3ポイントをワイドオープンで決めれるようになれば、ディフェンスも警戒せざるを得なくなり、ディフェンスの間合いが変わってきます。例えば今は1m離されてるとするじゃないですか。3ポイントを打って間合いが15cm縮まれば、僕はもう抜けるんですよ。今まではタフになっても1mで抜けていた。それが15cm縮まれば余裕なんです。相手はそれだけで面倒くさくなると思いますよ。
「3ポイントが打てるようになれば世界が変わる」
──代表に選ばれるには長所をアピールすべきですが、過去2シーズンは自分の得意なプレーを抑えて我慢していたと思います。
自分を殺してでもチームが勝つことが優先なのは当たり前で、抑えていたつもりはありません。決定率が高いジョシュを選択することは正解だったと思いますし、実際にチャンピオンシップにも出れましたから。
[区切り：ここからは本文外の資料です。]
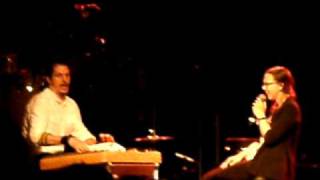 Stefanie Heinzmann - No One + If I Don&#39;t Love You Now @ Live Music Hall Köln - 20.04.2010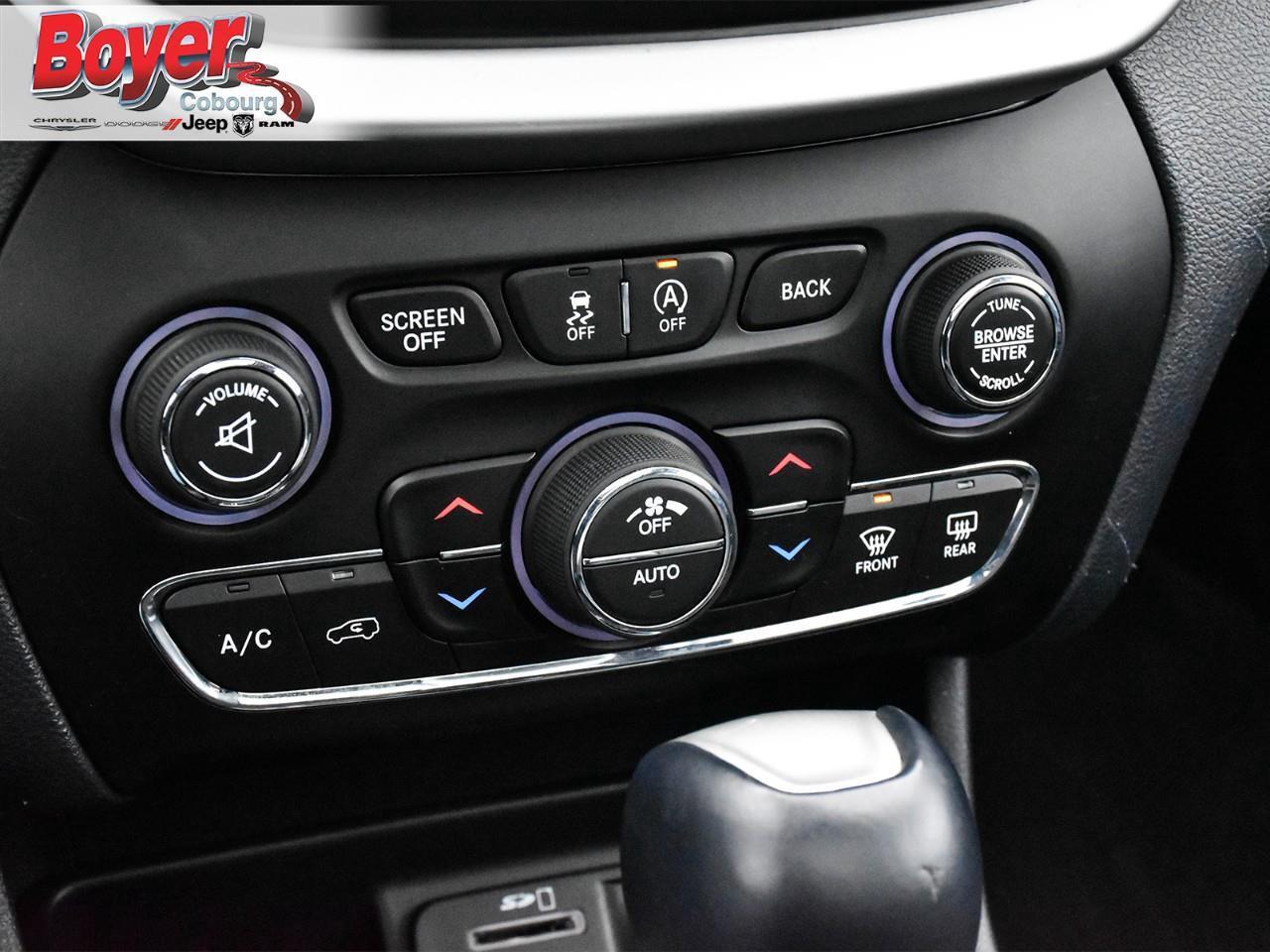 2015 Jeep Cherokee Limited Photo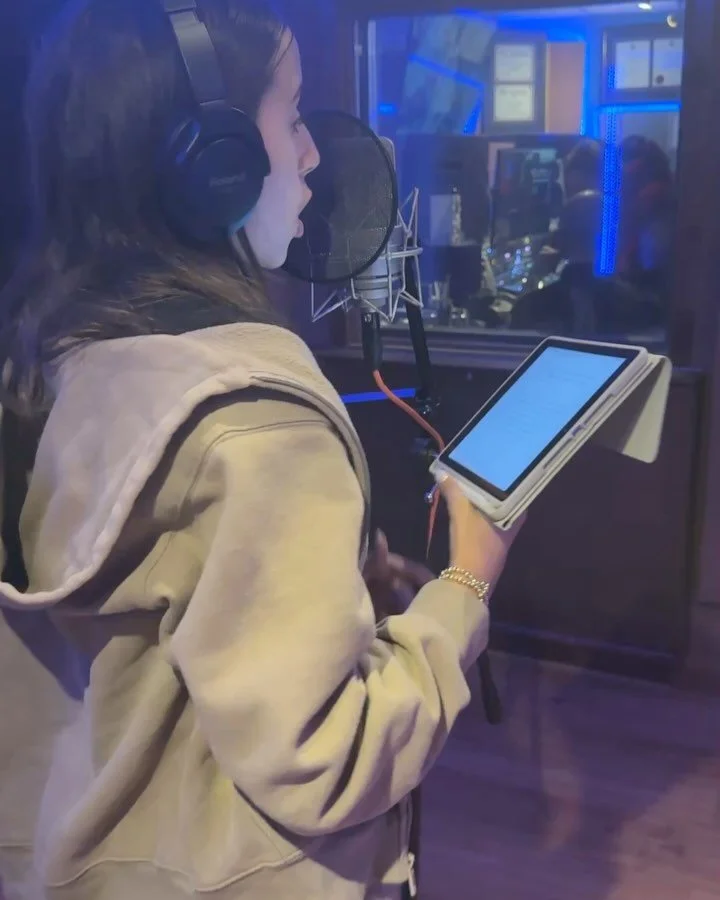 Recording a radio show called &ldquo;Ghost To Ghost&rdquo; with @ovation_arts voice over class. #voiceover #studio #recordingstudio #vocals #vocalmic #pezmosis #recording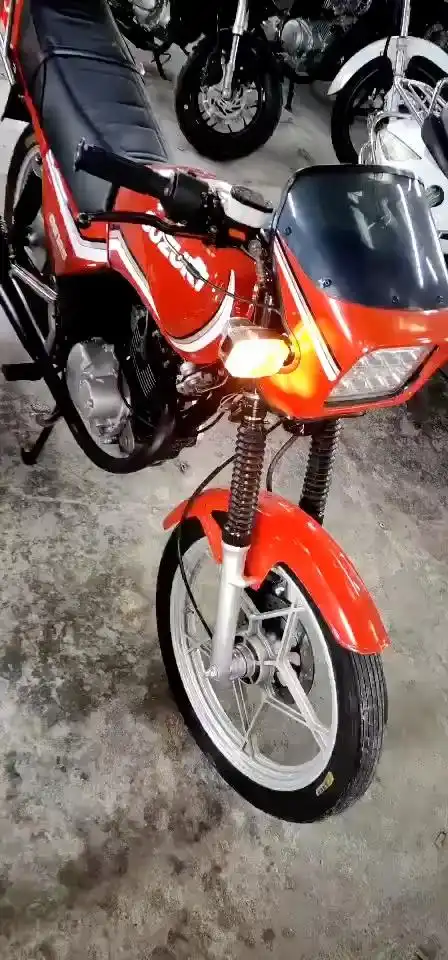 【极品铃木刀仔到货】 发动机功率:125cc 新旧程度:   九成五新 油耗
僕はピック&ロールが得意なんですけど、過去2シーズンはピック&ロールの数と成功率でリーグ最下位でした。要するに僕がピック&ロールをあまりしていないからです。今のバスケ界はピック&ロールが主流です。アンダーされた時に3ポイントが打てるようになれば、ファイトオーバーされた時にミドルシュートも決められます。いろいろなオプションが増えて、それだけで世界が変わると思っています。
確かに自分の特化したところを出せていないせいで目にもつきにくくなったし、代表候補にも入りませんでした。そこは少し難しいです。でもこれまでの引き出しは十分に出せると思いますし、今シーズンはそうはならないと思っています。
──自身の再起も含め、今シーズンのチームにかなり自信があるように思います。あらためてファンにメッセージをお願いします。
まず、プレシーズンゲームで観客の前でプレーできたことは単純に楽しかったです。声を出せない状況でしたけど、いるだけで試合として成り立っていたというか、真剣に試合ができました。
今シーズンは大声が出せないなど観戦ルールがあると思いますが、その中でもファンの思いは伝わります。特に富山の人たちは熱いので、いるだけで伝わるんです。その思いが僕らの力になるので、これからも応援し続けてほしいです。